Problem details: The answer consists solely of the lines running from the one with "Gallery image thumbnail" through the final line below, transcribed exactly and without any pictures.

Data section:
_ _ _ _ _

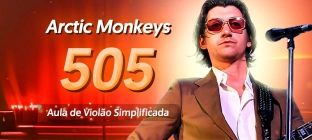 O cantor de rock Alex Turner toca guitarra. Texto na imagem: Arctic Monkeys. 505. Aula de violão simplificada.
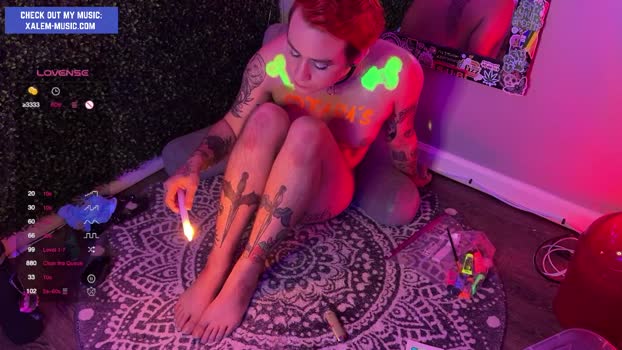 iwillbeyourmuse sexyfeet Webcam SHOW @ Chaturbate 15-11-2024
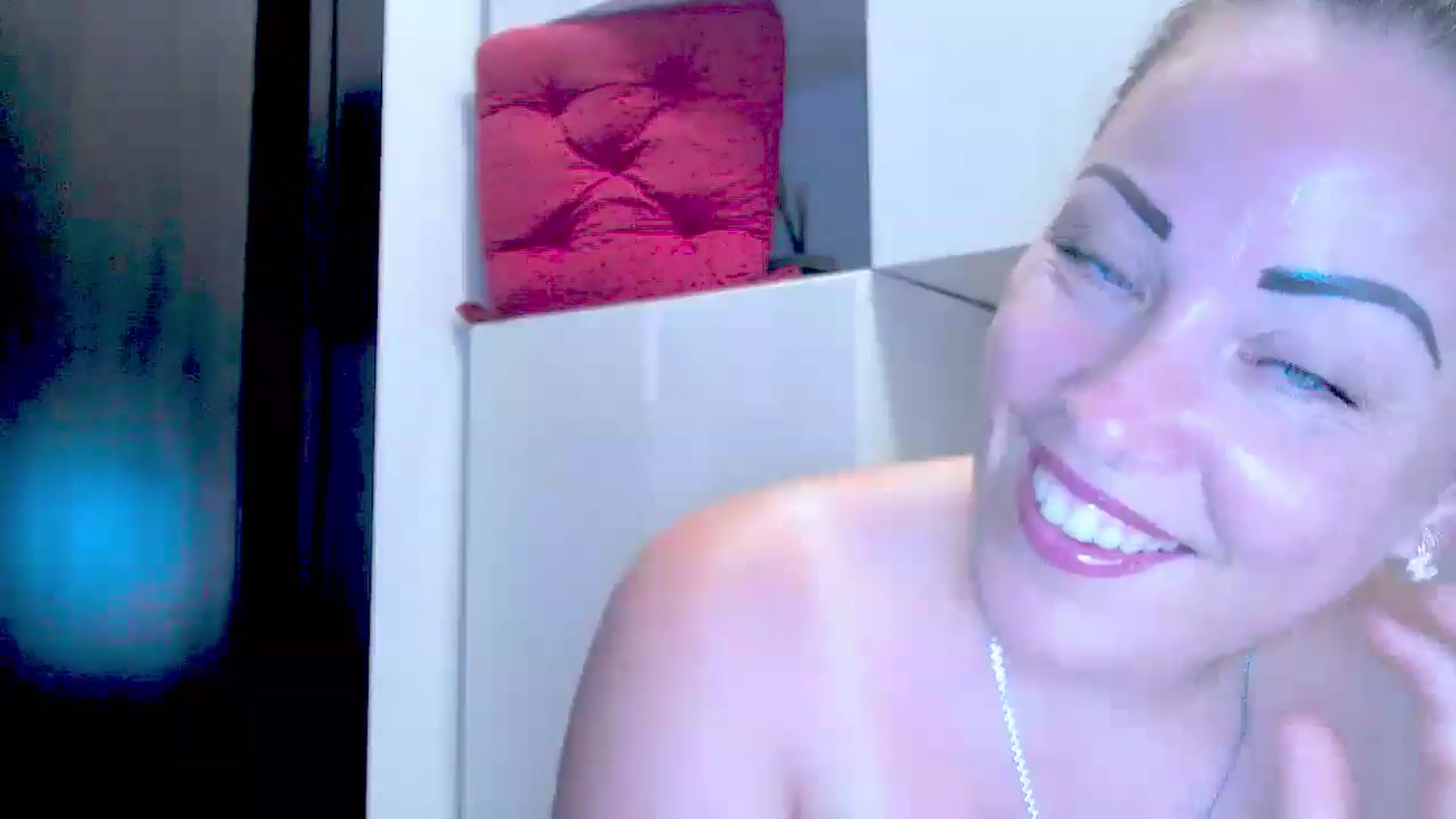 Gallery image thumbnail from Mrsfoxy's myfreecams stream on, 08/11/2025, 15:35 image 4 of 20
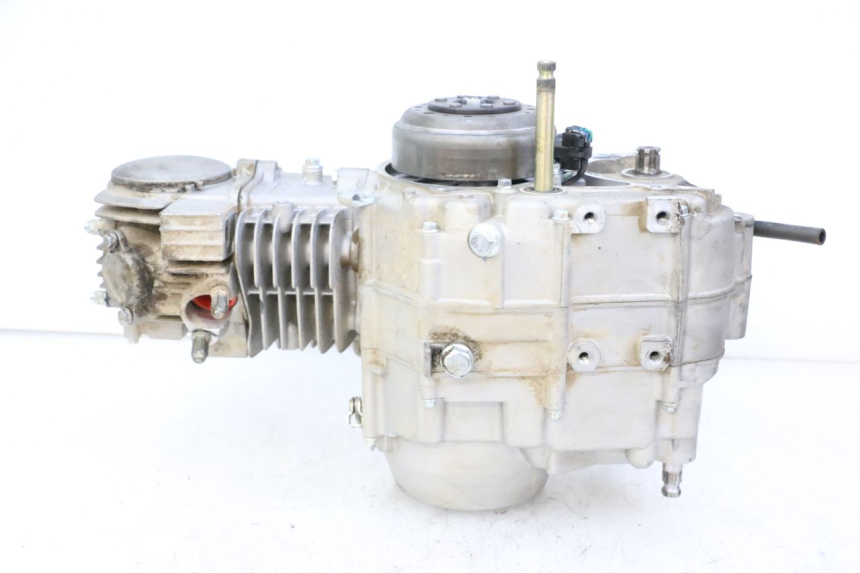 photo de MOTORE APOLLO RFZ 125 - Primo piano tecnico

_ _ _ _ _

Expected answer:
 Gallery image thumbnail from Mrsfoxy's myfreecams stream on, 08/11/2025, 15:35 image 4 of 20
 photo de MOTORE APOLLO RFZ 125 - Primo piano tecnico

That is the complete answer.